Exercise instructions
From the line that holds "Armrest Cover for" down to the last line of the listing below, reproduce each line exactly and nothing more, omitting pictures.

Provided material
-=-=-

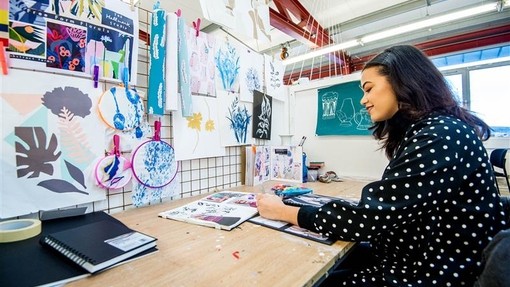 Student working in a studio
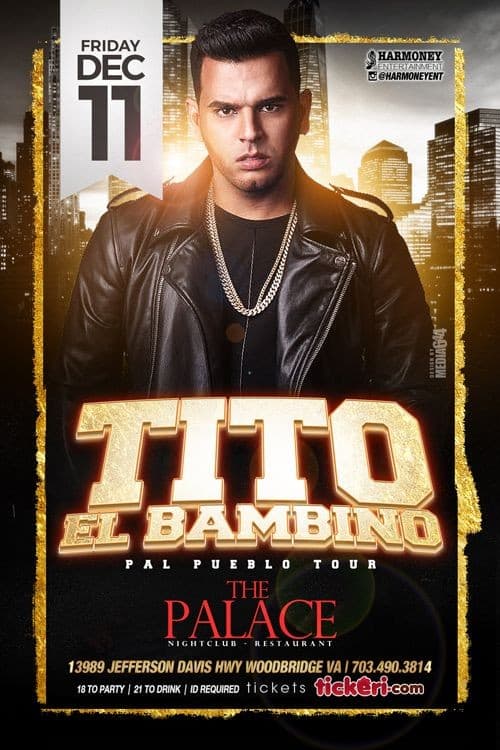 Event - Tito El Bambino en Virginia - Woodbridge, Virginia - December 11, 2015 | concert tickets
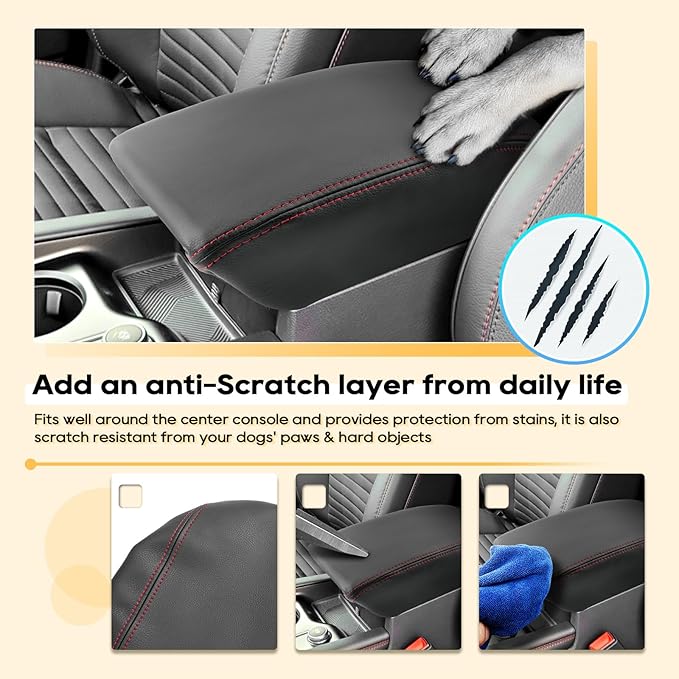 Armrest Cover for 2024-2026 Ford Explorer All Trim Models 2024 2025 2026 Ford Explorer Accessories Center Console Cover Arm Rest Protector Middle Lid Pad Protector PU Leather, Anti-Scratch,Non-Slip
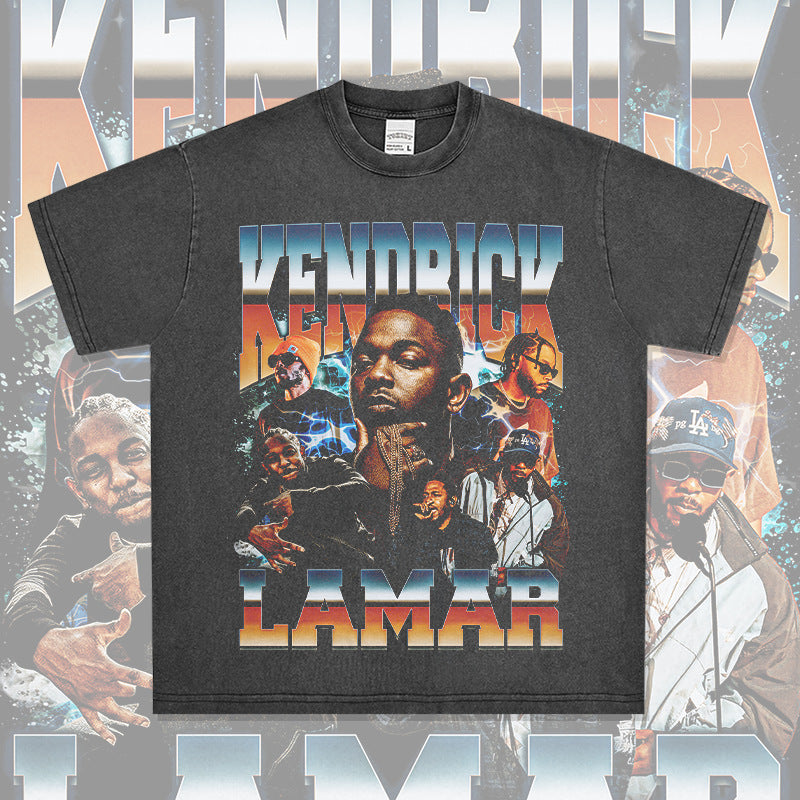 Outfit streetwear vintage hip hop kung fu kenny kendrick print short sleeve t-shirt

-=-=-

Written answer
 Armrest Cover for 2024-2026 Ford Explorer All Trim Models 2024 2025 2026 Ford Explorer Accessories Center Console Cover Arm Rest Protector Middle Lid Pad Protector PU Leather, Anti-Scratch,Non-Slip
 Outfit streetwear vintage hip hop kung fu kenny kendrick print short sleeve t-shirt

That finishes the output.